The flesh of Cherokee Purple is a luscious deep, dark red and the flavor is sublime, a perfect complement of sweet, acid, and savory topped off with a hint of smoke.

Cherokee Purple Tomato History

The discovery, or should I say rediscovery, of Cherokee Purple is all due to a retired chemist from Raleigh, N.C., one Craig LeHoullier. He has one of the largest personal tomato collections in the country and has built a reputation as a tomato aficionado. Along with likeminded tomato connoisseurs, LeHoullier undertook a mission to revive heirloom tomatoes.

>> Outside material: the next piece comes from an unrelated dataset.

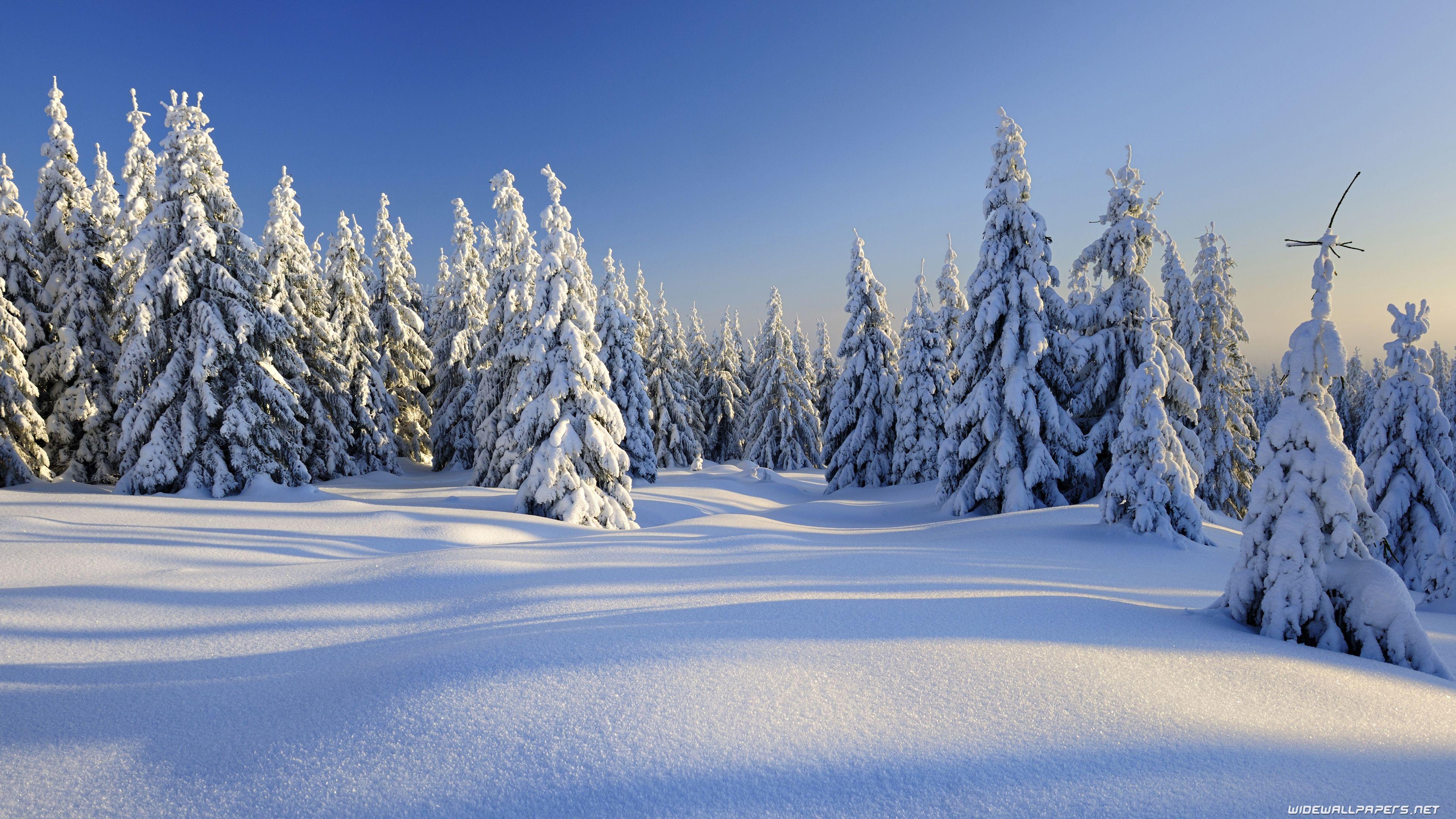 3840x2160 Winter Wallpaper Deskx2160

In 1990, some tomato seeds were sent to LeHoullier. They came from John Green of Tennessee who said he received them from a woman who had gotten them from her neighbors. The neighbors told her that this cultivar of tomato had been in the family for generations and that the seeds were originally given to them by the Cherokee Indians.

After he grew them and loved them, LeHoullier sent some seeds along to friends at some seed companies. They loved them as well, and now growing Cherokee Purple tomatoes in your own garden is possible for everyone.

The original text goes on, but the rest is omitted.